• _Action item_: All lines from the one with "Chrasy E14 Base" through the final line of the records below must be written out exactly, with no other text.

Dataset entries
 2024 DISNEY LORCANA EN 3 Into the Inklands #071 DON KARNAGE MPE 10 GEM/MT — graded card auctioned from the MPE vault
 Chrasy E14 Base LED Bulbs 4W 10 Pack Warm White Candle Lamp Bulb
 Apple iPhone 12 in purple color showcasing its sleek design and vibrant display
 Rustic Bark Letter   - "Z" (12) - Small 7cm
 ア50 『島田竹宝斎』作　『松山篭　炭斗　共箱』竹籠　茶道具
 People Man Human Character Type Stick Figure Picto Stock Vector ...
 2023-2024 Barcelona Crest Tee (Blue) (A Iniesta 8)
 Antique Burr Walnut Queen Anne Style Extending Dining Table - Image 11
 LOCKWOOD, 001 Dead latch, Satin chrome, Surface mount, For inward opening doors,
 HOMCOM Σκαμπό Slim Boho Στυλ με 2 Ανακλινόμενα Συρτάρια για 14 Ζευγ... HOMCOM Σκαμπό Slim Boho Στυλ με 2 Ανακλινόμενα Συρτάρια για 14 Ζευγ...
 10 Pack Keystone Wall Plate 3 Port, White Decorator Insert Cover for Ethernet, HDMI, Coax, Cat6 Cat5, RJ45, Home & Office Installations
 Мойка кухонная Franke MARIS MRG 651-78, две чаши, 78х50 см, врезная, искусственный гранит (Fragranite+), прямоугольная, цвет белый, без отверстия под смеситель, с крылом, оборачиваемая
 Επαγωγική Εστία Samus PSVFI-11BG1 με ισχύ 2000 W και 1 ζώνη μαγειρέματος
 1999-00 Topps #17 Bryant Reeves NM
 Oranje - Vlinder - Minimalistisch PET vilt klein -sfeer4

• _Exercise answer_:
 Chrasy E14 Base LED Bulbs 4W 10 Pack Warm White Candle Lamp Bulb
 Apple iPhone 12 in purple color showcasing its sleek design and vibrant display
 Rustic Bark Letter   - "Z" (12) - Small 7cm
 ア50 『島田竹宝斎』作　『松山篭　炭斗　共箱』竹籠　茶道具
 People Man Human Character Type Stick Figure Picto Stock Vector ...
 2023-2024 Barcelona Crest Tee (Blue) (A Iniesta 8)
 Antique Burr Walnut Queen Anne Style Extending Dining Table - Image 11
 LOCKWOOD, 001 Dead latch, Satin chrome, Surface mount, For inward opening doors,
 HOMCOM Σκαμπό Slim Boho Στυλ με 2 Ανακλινόμενα Συρτάρια για 14 Ζευγ... HOMCOM Σκαμπό Slim Boho Στυλ με 2 Ανακλινόμενα Συρτάρια για 14 Ζευγ...
 10 Pack Keystone Wall Plate 3 Port, White Decorator Insert Cover for Ethernet, HDMI, Coax, Cat6 Cat5, RJ45, Home & Office Installations
 Мойка кухонная Franke MARIS MRG 651-78, две чаши, 78х50 см, врезная, искусственный гранит (Fragranite+), прямоугольная, цвет белый, без отверстия под смеситель, с крылом, оборачиваемая
 Επαγωγική Εστία Samus PSVFI-11BG1 με ισχύ 2000 W και 1 ζώνη μαγειρέματος
 1999-00 Topps #17 Bryant Reeves NM
 Oranje - Vlinder - Minimalistisch PET vilt klein -sfeer4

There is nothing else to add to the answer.